Констебль Фордхилл оказался мужчиной средних лет, черноволосым и широкоплечим. На лице, обрамленном короткой бородкой, посверкивали внимательные и настороженные серые глаза. Одет он был по последней моде, в дублет с высоким расшитым воротником. Отвесив любезный поклон, Фордхилл пригласил нас сесть и сам опустился на стул. Несколько мгновений он не сводил с нас изучающего взгляда, потом негромко осведомился:
— Насколько мне известно, просьба о помиловании Болейна уже направлена в Лондон?
— Именно так, мастер Фордхилл.
— Мысль подать прошение, разумеется, исходит от леди Елизаветы, — глубокомысленно изрек он.
— Да, сэр, — кивнул я, сознавая, что отрицать этот факт не имеет ни малейшего смысла.

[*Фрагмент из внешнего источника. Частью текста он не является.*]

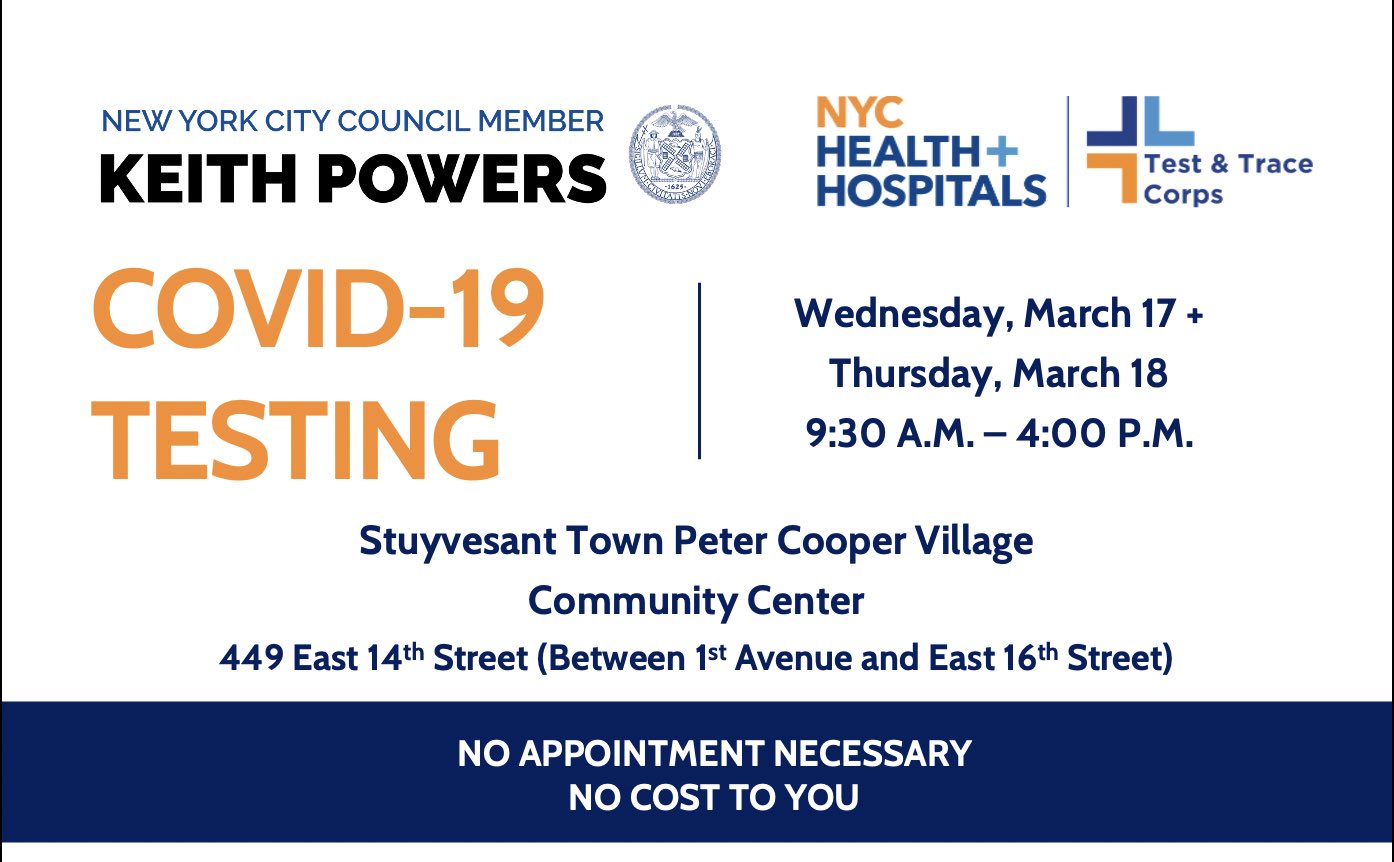 Keith Powers We Re Making Progress On Vaccines But Covid Is Very Much Still With Us Make It A Point To Get Tested Regularly My Office Is Hosting A Free Covid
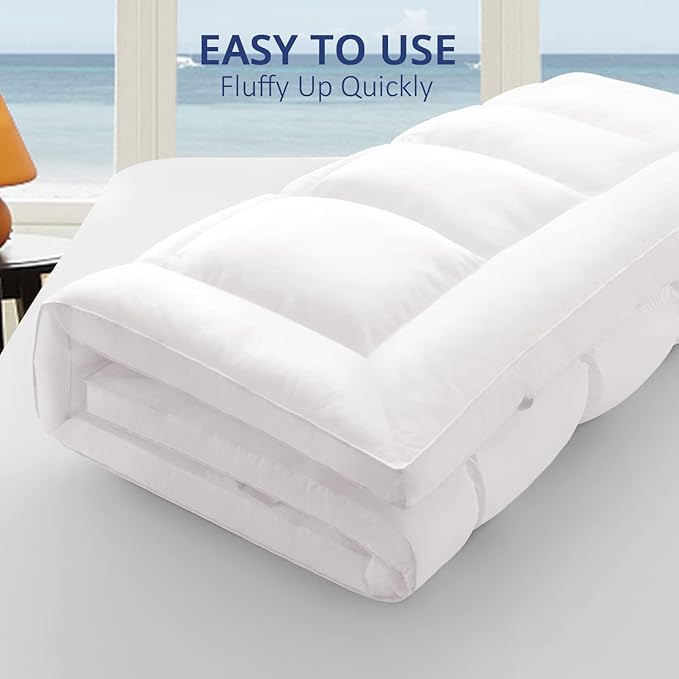 ELEMUSE 1300 GSM Overfilled Mattress Topper Queen - Image 9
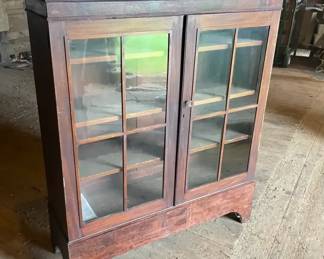 Antique Cupboard with Lots of Wear and Patina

— Джон Болейн, как я понимаю, доводится родственником Анне Болейн, — заметил он.
— Весьма отдаленным, сэр.
Помолчав несколько мгновений, констебль продолжал:
— Возможно, протектор неодобрительно отнесется к тому, что имя леди Елизаветы оказалось связанным со столь нашумевшим преступлением. Особенно после скандала, связанного с делом Томаса Сеймура.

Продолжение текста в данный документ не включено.